4G63T Engine Building Part 3

Yep, back to the engine this week. I cleaned up a few more things (I thought I was done with that!) and got a few more things attached. I also managed to run into a few road blocks.
The first thing I did was more painting, I want the intake, valve cover, and exhaust to complement each other and the running theme of aluminum/copper so I did some highlighting. Yes, cutting the tape for this is exactly as time consuming as you imagine it is.


The affect is completely worth it though. It’s awesome what a bit of paint, tape, a razor blade, and some patience can accomplish.
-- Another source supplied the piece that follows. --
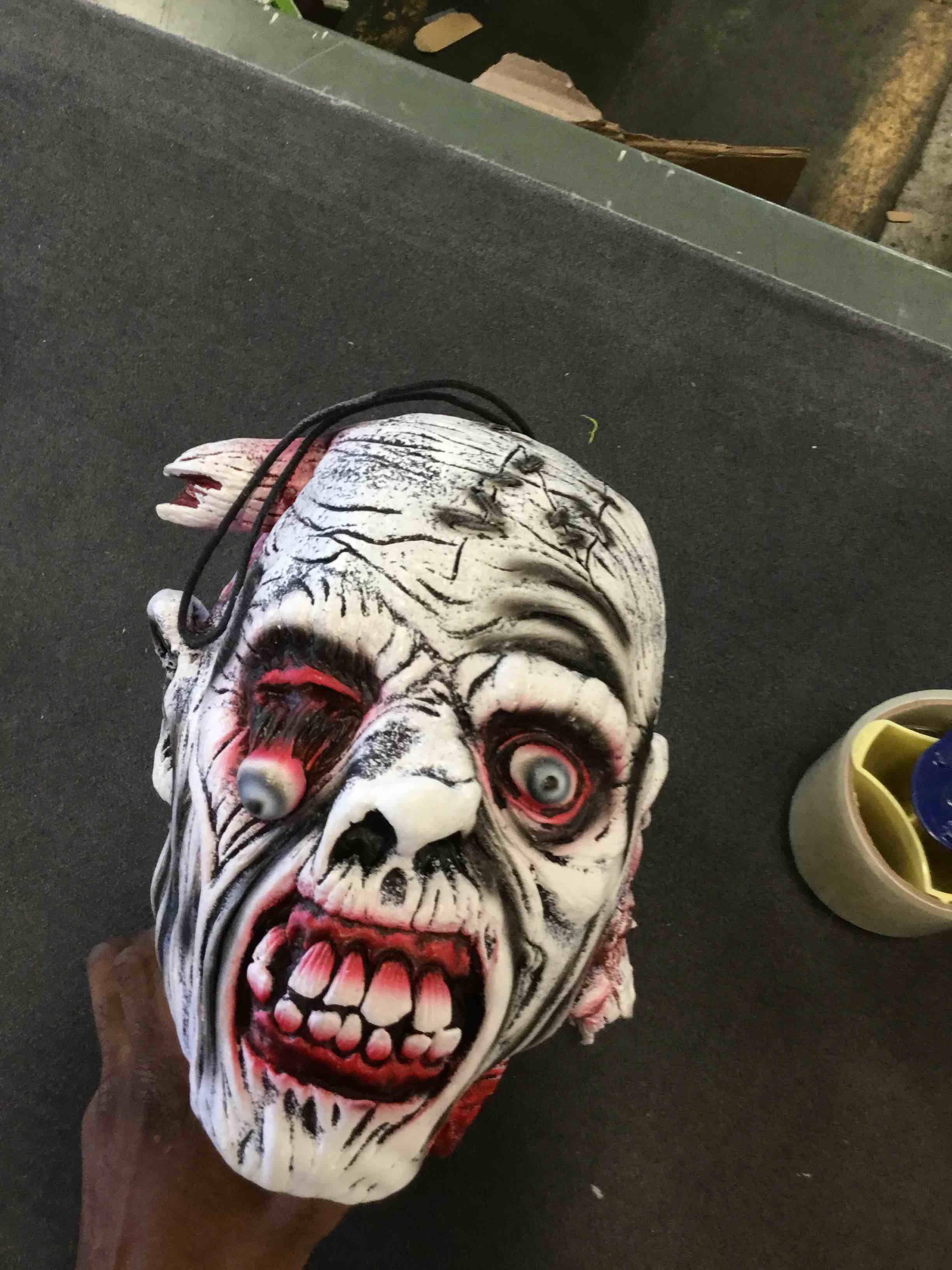 Halloween scary head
After that it was on to cleaning the thermostat housing and fuel rail. The fuel rail got a nice coat of copper as it nestles right in over the intake on that side of the head. It will help break up some of the aluminum up there. The thermostat housing got a nice clear coat to bring out it’s best dark metal look and keep it from corroding to nastiness again. I also replaced the thermostat with a new OEM temperature thermostat. The thermostat that was in there was set to a lower temperature, which isn’t really great for a street car, and I didn’t want to rely on the motorad part after I had a bad experience with one in the Mazda.
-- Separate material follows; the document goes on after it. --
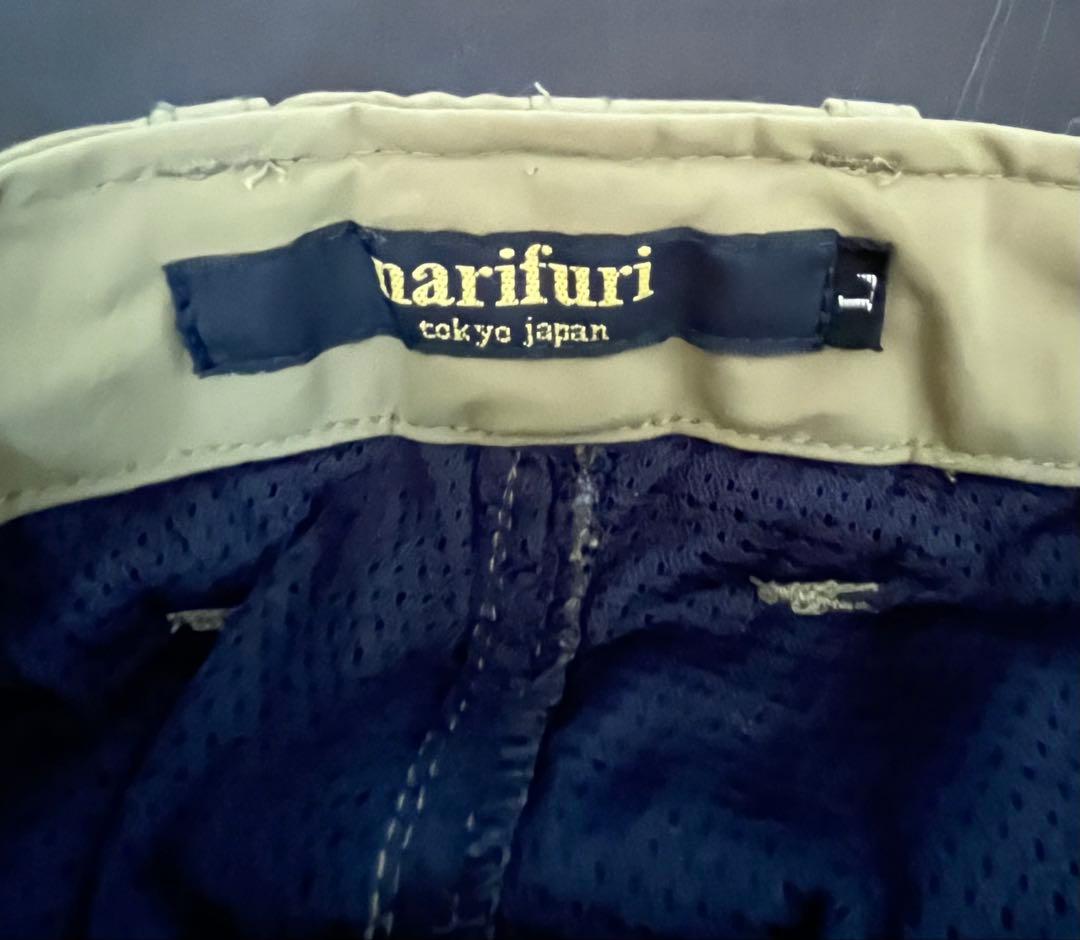 narifuri オリーブ カーゴパンツ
Next, I cleaned off the filthy oil pan. I didn’t grab any shots before hand, so you’ll just get to see the rusty (but clean!) product of my scrubbing. To get it nice and clean I went with the parts washer, then a nice brake clean shower, and an air clean after that. The oil pickup needed to be cleaned and attached before the pan can go on, and I had to make a gasket for where it attaches to the oil pump. Apparently a Victor Reinz “full gasket set” is not actually a full gasket set.


I also received my poly motor mounts on Saturday, these are inserts that are much more stiff than the oem rubber motor mount inserts. People use these to eliminate any chance of wheel hop or engine movement, in return you ensure that the power isn’t lost by rocking the engine, it all goes directly to the ground. It also channels all the undampened vibrations into the body of the car, so you will feel your engine more. I’ve removed my balance shafts, so that may compound the issue. I also had my engine balanced while it was being worked on, so that may help keep vibrations down.
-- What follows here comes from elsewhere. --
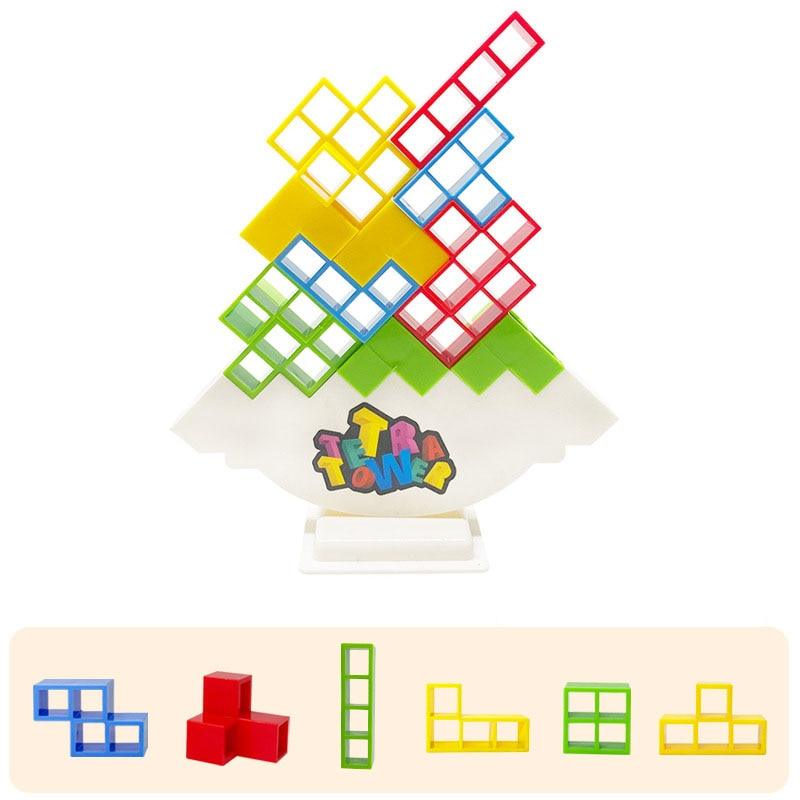 Tetris Tower® + 16 Blocos de Brinde - Zatty Kids - Zatty Kids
I was able to remove the red poly mount that came on the car, I’m going with black for mine. Plus, I don’t exactly want to put my faith in parts that where installed by someone that isn’t me. Other than that, the mounts need to be pressed out and I didn’t feel like swinging a hammer at them all day. If Weavers can give me a decent price, they’ll be doing the work. Otherwise, it’s back to hammering on it and hoping the current inserts relent.


I got lucky and was pointed to a forum member on DSMTuners who sources and sells pretty much any electrical plug you can find on these cars. Good things too, some of my plugs in my engine bay are nasty, and I don’t mind swapping them out for something a bit nicer, plus then I don’t have to worry about any GFS or voltage drop, thus eliminating another possible root cause.


Wrestling the exhaust off this car is something I don’t really want to do again. Corrosion made it a fun time trying not to break all the bolts keeping the exhaust hung, I didn’t completely win on that one. Stainless steel hardware will be going back on, and I’ve got high temp anti seize as well.


After some scotchbrite and dish soap I attacked the pipes with my copper paint. I was able to get one coat on the down pipe and a bit after the flex pipe before I ran out. More on the way! I need more to finish the piping and I will also need a good bit to spray on the wrap to keep it from absorbing water. Sure, it’s stainless steel piping so rust shouldn’t be a huge issue, but I’m not taking any chances. Why spray and wrap the exhaust in the first place? Efficiency! This will improve exhaust scavenging a bit, though I’m not sure if that’s a big deal on turbo engines, and it will also help dampen the crazy loud sound of 3 inch exhaust a bit.


With all of that done, and the turbo oil return line cleaned and painted, I finally got around to packing some assembly lube in the rear main seal and installing it. This has to be on before the oil pan can go on anyway, so it was time.


Next was the oil pan itself. Sam taught me a cool trick wherein you place a socket under a bolt hole, hit it with a ball peen hammer, and come away with a slight dent that will cause your bolt to push the oil pan up in a more uniform fashion. This was done because the flat parts between one bolt hole and the next aren’t able to get enough pressure on them to seal properly otherwise. Sam also pointed out that I’ve got a few gaskets that intrude on the space the pan is mounting too, so I took a razor blade and made sure it was all shaved down flat for a good seal. After counting my bolts, we were short two, so we had to get a little creative and make some from longer bolts that matched the thread pitch and size.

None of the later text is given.